I felt the Yetzer Hara in the air the last week or so. I was cruising right along, basking in the glow of better relations at home; my personal health was on the upswing, and my children were healthy and happy. Life was easy for the moment, but I still felt the YH lurking in the background. At first, I thought that it was something else, just a quick glance at an improperly dressed woman; no big deal happens to all of us. Then, I started looking at YouTube again. Then I had the brilliant idea of activating Instagram and just filling it with Kosher pages. I had pages and pages of good, wholesome content. I was learning how to cook new Kosher dishes and saw a bunch of places to go in Israel on my next trip.

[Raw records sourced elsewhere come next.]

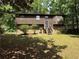 Charming two-story home with a stone facade and a cozy front yard with mature trees at 2685 Hyde Cir, Duluth, GA 30096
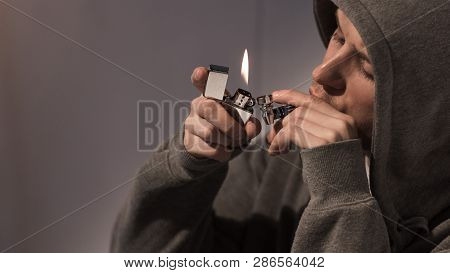 Selective Focus Of Addicted Man Lightening Smoking Pipe With Metallic Lighter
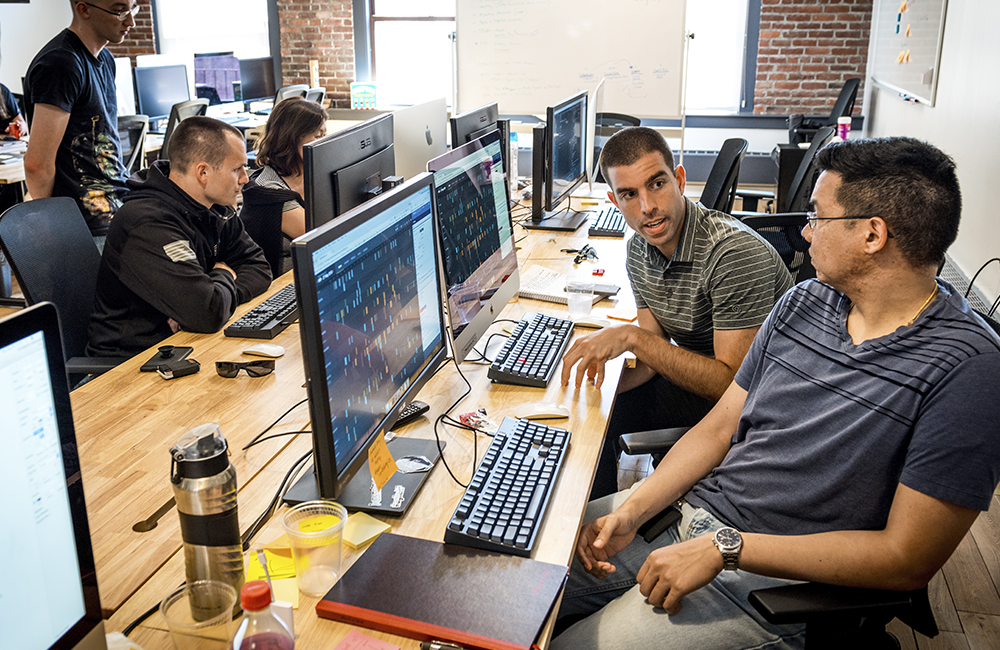 image of Staff Sgt. Jamie Benites, product manager, and Maj. Drew Armstrong, right, a data scientist, discuss a software development project at the office of Kessel Run, a program within the Defense Innovation Unit Experimental, a United States Department of Defense organization, in Boston May. 30, 2018.
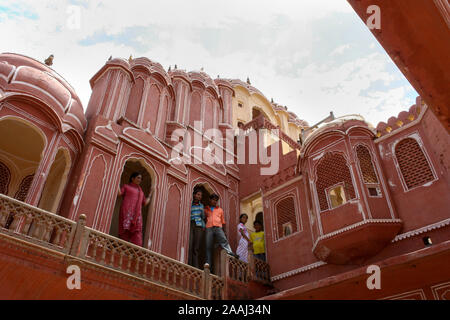 Jaipur, Rajasthan, India: la facciata interna del palazzo dei venti (Hawa Mahal) con alcune persone di fronte a un balcone Foto Stock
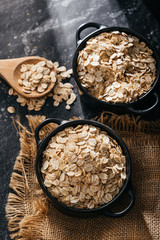 Top view of two black bowls and spoon with raw oatmeal on a black background. Breakfast with fibers...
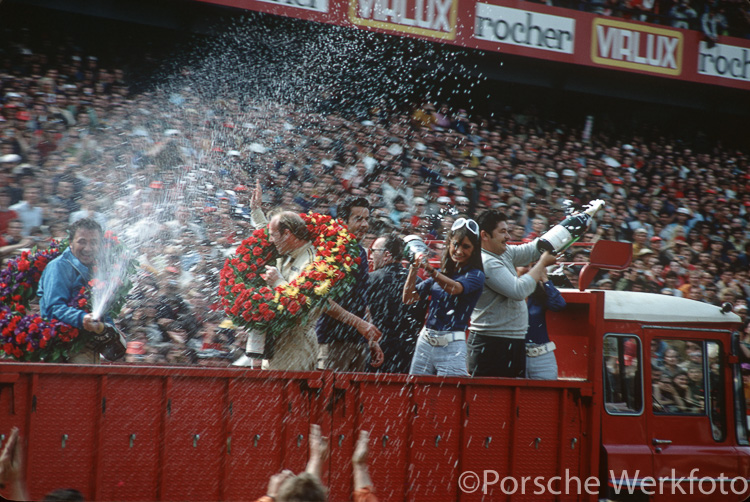 A jubilant Hans Herrmann and Richard Attwood are given a ride on the back of a truck as they celebrate Porsche’s first victory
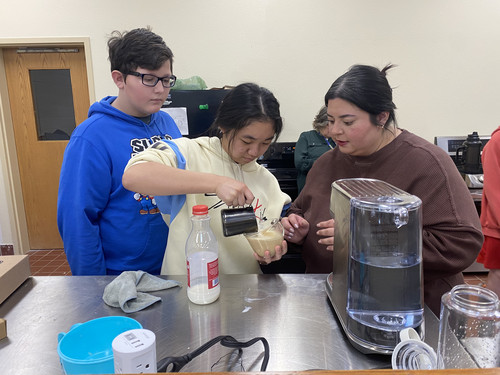 iLEAD students learn latte art through a demonstration.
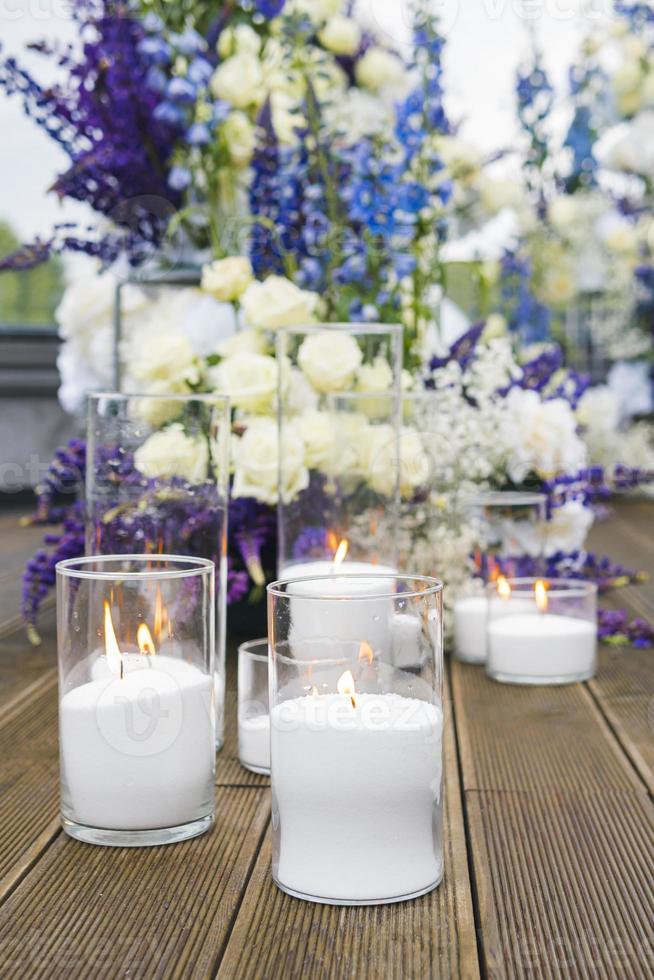 närbild av vita ljus på bröllopsmottagning med vit, blå och violetta blomma, utomhus. elegant lyx bröllop dekoration sammansättning på ceremoni plats foto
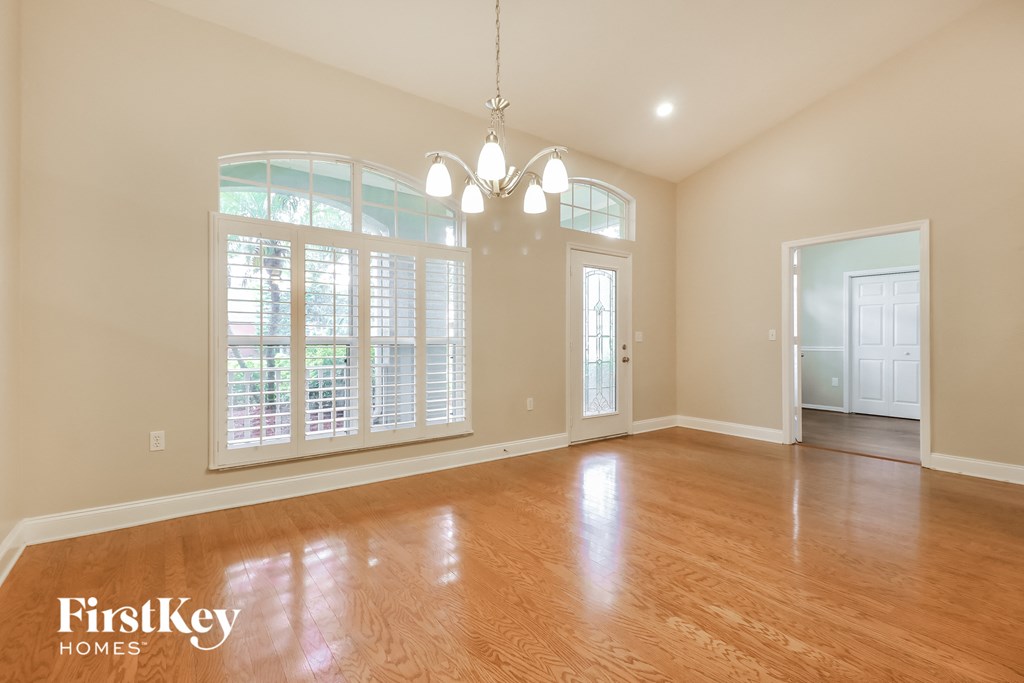 A spacious room with wooden floors and a chandelier.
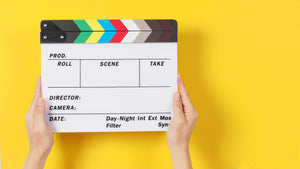 hands holding a clapperboard behind a bright yellow backdrop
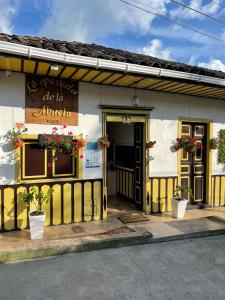 a restaurant with a yellow and white building at La Posada de La Abuela Salento in Salento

It was great! I had the internet and Social Media under control!! I was one of the lucky few who could handle the onslaught that inevitably comes from it.

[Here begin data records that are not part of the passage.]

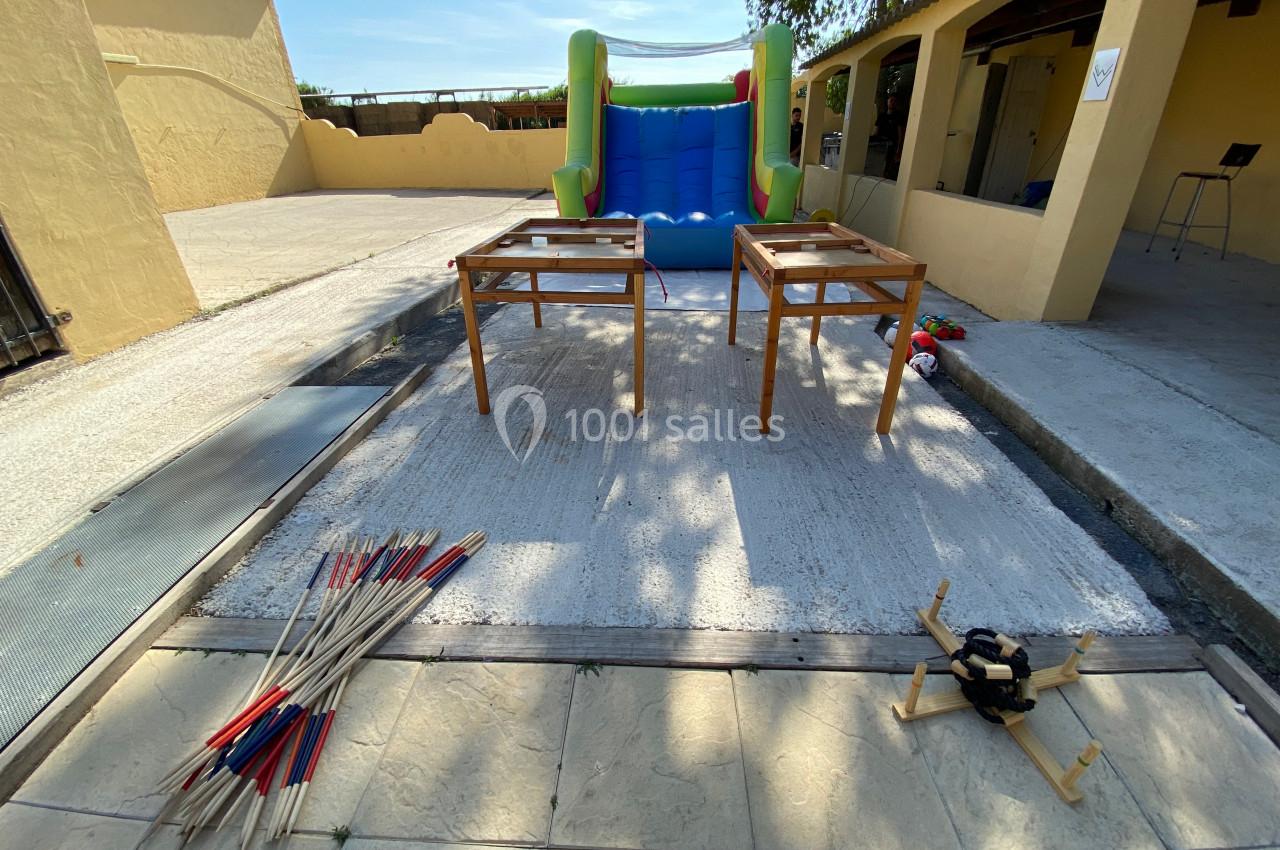 Deux tables en bois, un jeu de mikado géant, un jeu d'équilibre et une structure gonflable dans une cour extérieure.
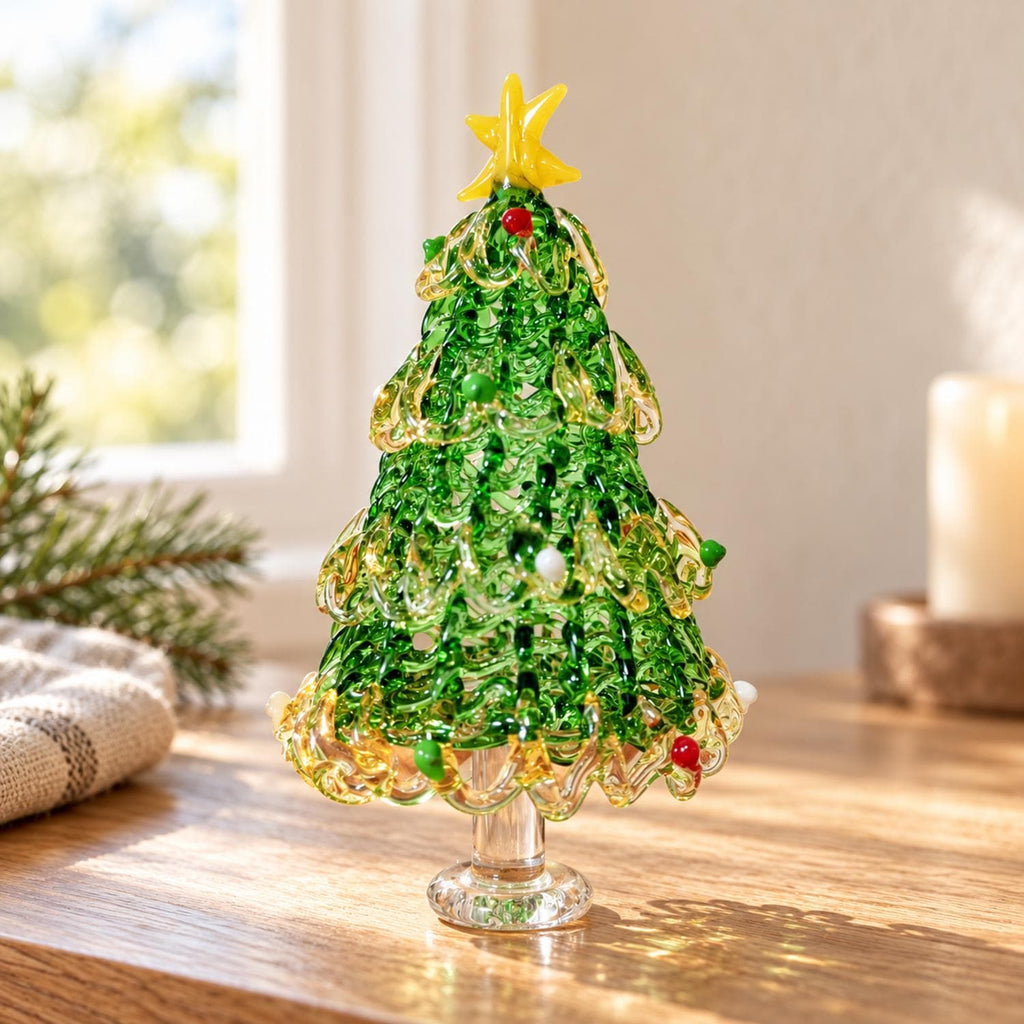 May include: A decorative glass Christmas tree figurine featuring a translucent green and yellow swirled design. The tree is topped with a bright yellow star and accented with small red, green, and white glass spheres throughout the branches.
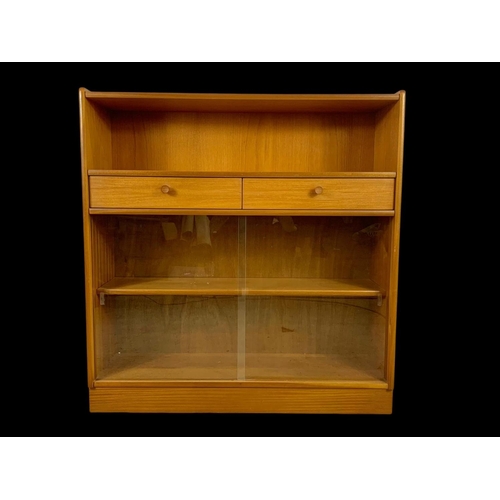 958 - A Nathan Furniture teak 2 drawer bookcase. Mid century. Circa 1970. 102 x 31 x 107cm.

The YH had me in his sights; he had me all queued up for an attack, and I was leading him to my own slaughter...
Then it happened... I was alone in my office, nobody was around, and I was looking at my phone, and BAMN! Out of nowhere, it hit me like a tsunami. I was washed away in a sea of filth in a matter of seconds. One image led to a porn site; one porn site had me back to the chat rooms; the next 72 hours or so were a blur, and I dove completely head-first into the sewer.

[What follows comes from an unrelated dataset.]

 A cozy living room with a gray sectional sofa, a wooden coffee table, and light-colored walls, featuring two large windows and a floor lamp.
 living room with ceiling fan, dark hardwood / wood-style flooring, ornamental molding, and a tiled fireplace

I never felt so disgusted in my life, one fall after another, sinking deeper and deeper into the abyss. The porn got deep and dark, and the chat rooms were full of vermin waiting to take a piece of my soul.
I stopped davening, I stopped wrapping, I stopped anything that was pleasing to HaShem. I ate non-kosher food... I was in freefall and found nothing to grasp onto. Was this the final descent? Was this where I was destined to be? Were the last few months just a calm before the storm? Is this the true me?
I thought about getting some cocaine, the drug of choice, to get women to do what I wanted them to do. That would be the final nail in my coffin. I tried calling the dealer that I used to use; thankfully, he was nowhere to be found. I hung up the phone, and a wave of sadness swept over me; I sat there and cried for what seemed like hours. I cried about how I disappointed HaShem, my wife, my kids, and myself. Is this how my life would end? Is this my legacy?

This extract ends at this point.